Managed sheets differ from
Device Sheets in that they are stored within your Workspace, where device sheets are stored in a folder on a hard drive. As such, they enjoy the benefits attributed to Workspace content, including simplified storage, secured integrity, and built-in version control.
By moving from device sheets to managed sheets you can be sure that the revision of a managed sheet that you use in a design can be easily identified and traced back to its source whenever needed. And because it is Workspace content it can be revised and updated when needed; and the usage relationships can all be traced, both down to the components on that sheet, and up to the designs that use that sheet. This ensures you have all the information needed to decide if that revised sheet must be pushed through to existing designs, or if a particular design must continue to use the previous revision.
The ability to use Workspace components to build larger design building blocks enables the design flow to become ever-more streamlined, and at a higher level of abstraction. The designer, just like picking parts off a shelf, reuses these managed sheets of design functionality as constituent components of the bigger design project. And the more managed sheets of such circuitry that have been created and released into your Workspace, the more functionality the designer has access to, which in turn boosts productivity for subsequent designs.
Components
Altium Designer, with its unified design approach, has traditionally used a component model that extends across all aspects of the electronics design process. However, to seamlessly fit the process of electronics design into the encapsulating product development process as a whole, this model needs to evolve – extending to cover other aspects including other design processes (in particular MCAD and Industrial Design), as well as business processes (such as procurement and manufacturing) that intersect with the product development process. This evolved object model is known as the Unified Component Model.
This component model effectively maps the concept of a design component – in the traditional electronics design arena – to the component as seen by the rest of the organization in the bigger 'product arena'. A truly 'Unified Component' model that not only represents the component in the different design domains (Schematic Capture, PCB Layout, Simulation) but also facilitates choices of the desired physical components – real-world manufactured parts – at design-time, offering a significant improvement in terms of procurement cost and time, when manufacturing the assembled product.
Under this modeling paradigm, the design component, as seen by the designer, is separated from the Manufacturer and/or Vendor parts. This information is not defined as part of the component. Instead, Part Choices are used to map the design component to one or more Manufacturer Parts, listed in a Part Catalog, which in turn can be mapped to one or more Vendor parts, allowing the designer to state up-front, what real parts can be used for any given design component used in a design.
These components, along with their part choices, are stored in your connected Workspace – one centralized secure location for all your design data, accessible for your entire design team.
Key Benefits
- Single source of component data – with a Workspace accessible for the entire team, engineers can source up-to-date and standardized components from one secure location, get real-time supply chain data, and use parametric and faceted search to find the exact components they need.
- Design-time choice of physical components – for any given component, you can choose which manufacturer parts can be used to implement that component when assembling the board.

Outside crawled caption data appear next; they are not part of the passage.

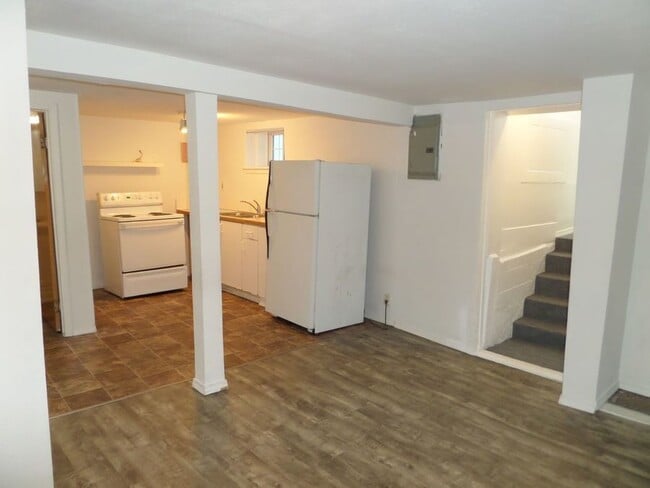 Building Photo - 6523 35th Ave SW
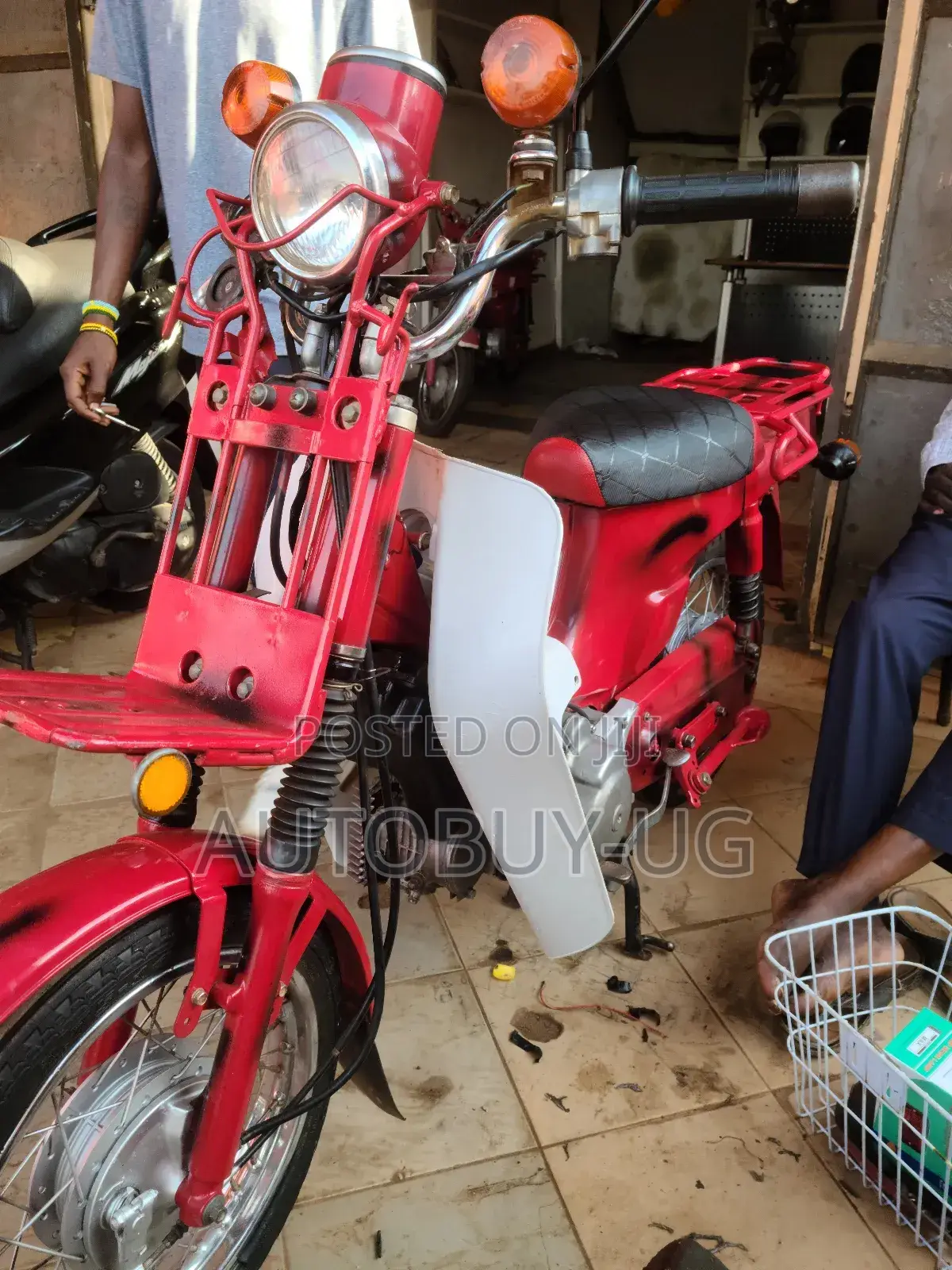 Suzuki 2001 Red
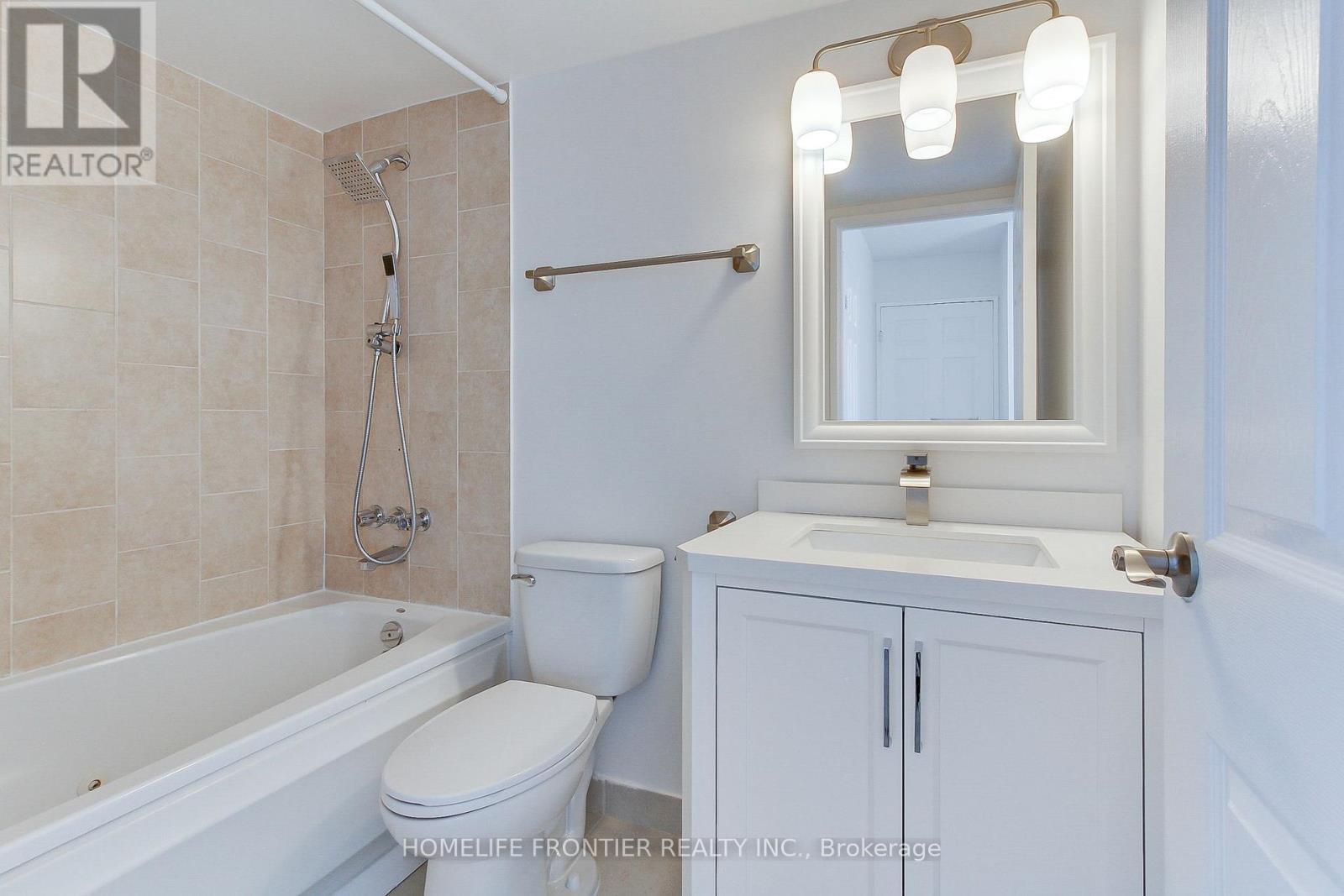 1906 - 80 Antibes Drive, Toronto, ON - Indoor Photo Showing Bathroom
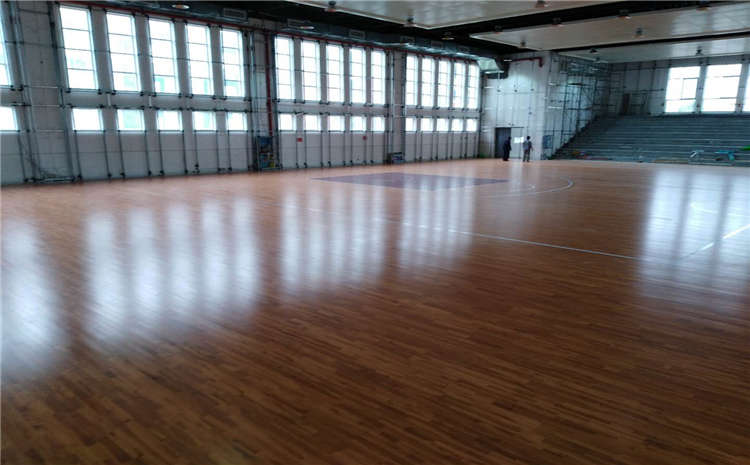 20厚風(fēng)雨操場(chǎng)地板翻新施工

- Real-time supply-chain information – fed back from the aggregate parts database of the Altium Parts Provider (which itself interfaces to and gathers the parts from enabled Suppliers) to let the designer know the current costing and availability of the chosen parts, and from all vendors that sell those chosen parts (as defined in the Workspace's local Part Catalog). This information can be added to a component at any moment, including after release of this component – without directly editing it and hence without impacting designs where it is already used – and then be used as part of a Bill of Materials.
- Concurrent editing of the library – as the Workspace library is essentially a set of Component Items hosted by this Workspace, multiple users can be editing or creating new components for the Workspace library independently, without having to wait when other users will finish the work on their side.
- Component Models Reuse – a component can be thought as a 'bucket' into which all parametric information and domain models is stored, including schematic symbol, PCB footprints, and simulation models. A component doesn't contain the domain models themselves but rather links to the relevant model Items that are also in a Workspace, so a single domain model can be used by multiple components. If a model changes, you'll be suggested to update all components that use this model, and this ensures that no component will use an out-of-date model.
- Direct Component Editing – if a component needs to be edited, you can open it for editing directly from within your Workspace. A temporary instance of the Component Editor allows you to edit all aspects of that component, including modifying its referenced domain models without a file-based document in sight.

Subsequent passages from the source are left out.